Lula, Judiciário, fanáticos, ladrões, suspeição

Manifestações populares com intenção de interferir no Judiciário. Sou a favor. É um direito do povo. O Judiciário é um poder do Estado, deve saber o que as ruas pensam e levar isso em conta. Mas, bem… com as devidas ponderações.

Sentenças não se devem fundar nas apreciações flutuantes de multidões. Rancores de rua, crendices religiosas, opinião do “povo” (in)formada por auditórios de TV: não haveria Estado de Direito se isso sustentasse posições judiciais.
                             
A mitologia cristã registra o julgamento de Jesus. Pilatos, a expressão do “sistema”, Roma, tentou protegê-lo. O povo o condenou ao Crucifagium, libertando Barrabás, acoimado pelos cristãos de “ladrão”. Pilatos lavou as mãos.

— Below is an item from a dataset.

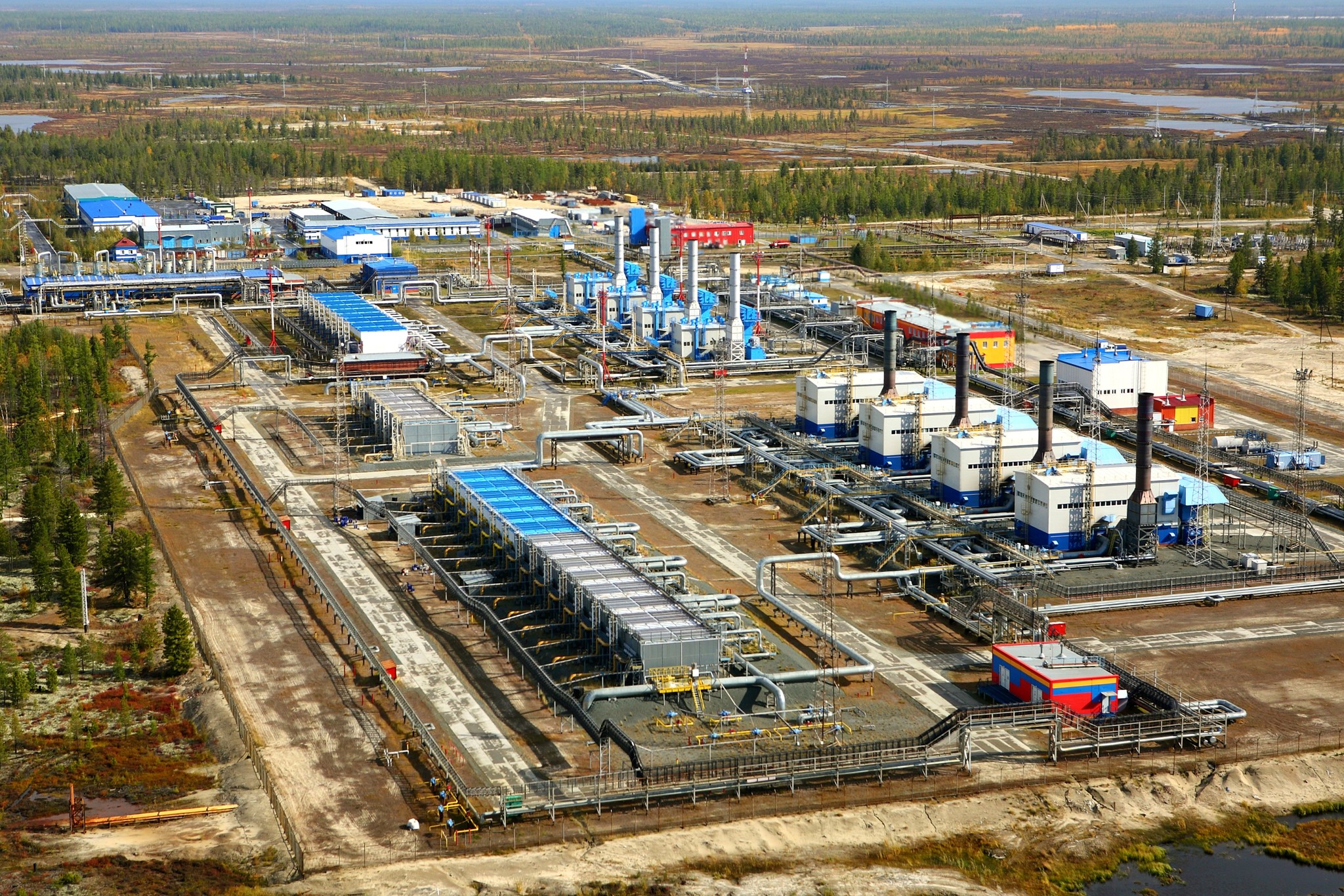 Нефтяные и газовые промыслы. Ноябрьск добыча нефти. Западно-Таркосалинское месторождение.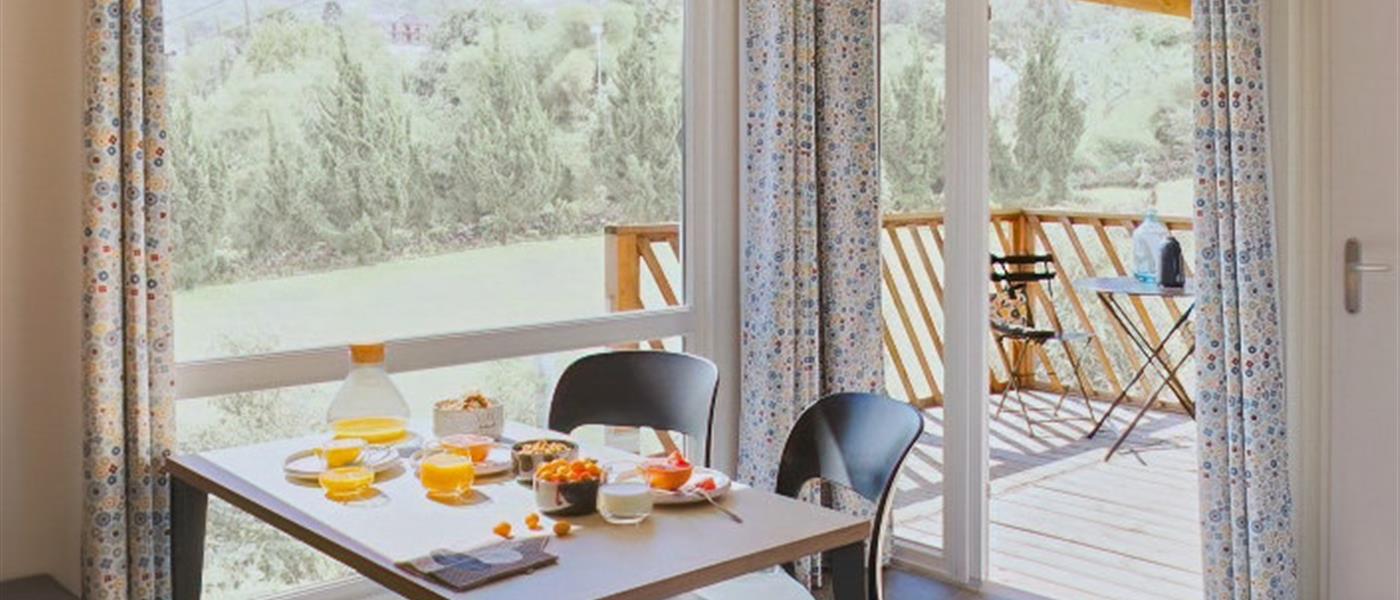 Cottage Pacifique - Coin repas - Camping La Roseraie **** La Baule confort famille terrasse couverte espace découverte repos 2 chambres presqu'ile Loire Atlantique  - Camping La Roseraie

Essa é a história dos vencedores, é o jeito de contar as coisas que interessa e interessou aos donos do “sistema”. Por milênio e meio o poder do cristianismo deu fim físico a quem a interpretasse ou descrevesse de outro modo.

Hoje já se pode dizer sem medo que Barrabás era um judeu que lutava contra a dominação romana, fustigando as forças invasoras de sua pátria, e que o povo talvez soubesse muito bem o que fazia votando por sua libertação.

Barrabás foi preso após atacar soldados romanos na cidade de Cafarnaum. Cristo respondeu a processo porque contrariou crenças judaicas, declarando-se ele mesmo filho de divindade. O mais é poder de escrever a História.

Até hoje os cristãos dizem que Barrabás foi a escolha errada. Agora, os norte-americanos escolheram Donald Trump. O “sistema mancomunado” defendia Hilary Clinton. Quem se considera lúcido insiste que Trump foi má escolha.

E Lula com isso? Nada, a não ser o fato de que o petista é o cidadão mais apontado em pesquisas de opinião pública como desejado para presidir o País, e ele será brevemente julgado em grau de recurso pelo TRF-4.

Ah!, existe também o fato de que se pretende “invadir Porto Alegre para pressionar o Judiciário” a não confirmar a sentença de primeiro grau que condenou Lula, do que decorrerá a condição jurídica de sua candidatura à Presidência.

Lula é o político mais apreciado pelos eleitores, quase um terço. Ao mesmo tempo é o mais recusado de todos os possíveis candidatos, quase metade dos votantes. É um caso de amor e ódio sob apreciação de três desembargadores.

Ainda bem. Nas relações de amor e ódio que afetam o Brasil, se Lula fosse julgado em praça pública, como sectários de sua grei pretendem, talvez o resultado afluísse a um Trump (ou Bolsonaro) ou Barrabás (que nunca foi ladrão).

O ideal é que tudo transcorresse nas normais formalidades do Estado Democrático de Direito. Contudo, avaliando as circunstâncias, o prefeito da capital gaúcha pede o Exército (força de guerra) para dar conta da ordem pública.

A Frente Brasil Popular (havida por “de esquerda”) arvora-se internúncio popular. O Movimento Brasil Livre (declarado “de direita”) há-se por arauto do povo. A apreensão do Exército é o choque entre as organizações divergentes.

A FBL arranja um “congresso do povo”, o MBL espera “mais engajamento”. Vale perquirir sobre a legitimidade (autoconferida) de uma e de outra parte. Ambas apelam à Constituição. A Carta atribui a tarefa de julgar ao Judiciário.

Confio no Judiciário tanto quanto confio em qualquer instituição brasileira. Há-se de suspeitar, metodicamente, dos membros das instituições, não do institucional. Mas, aí, para acusar alguém, só se houver suspeita concreta.

Como os altos tribunais têm descontentado a todos os portadores das bandeiras “correligionárias” dos destinos do Brasil, nisso estou tranquilo, o julgamento será técnico e o fundamento do acórdão será expresso, como manda a lei.

Sim, claro, não creio em neutralidade ideológica de ninguém, nem na minha, muito menos na de juízes de carreira, em geral com a mentalidade formatada pelo dogmatismo da tradição teórica e prática do Direito.

Mas era “só o que faltava” transferir fé jurídica para grupos fanáticos organizados em torno de fascistas de direita ou de ladrões sedizentes de esquerda. O voto declarado técnico do juiz é mais civilizado do que o grito da “nossa” rua.

Agora, especialmente aos petistas, cabe certa deferência ao Direito. Se, “Cristo me acuda”, não erro nas contas, há três presidentes, cinco secretários, e três tesoureiros do PT presos. É muita gente e muito dinheiro para alegar suspeição.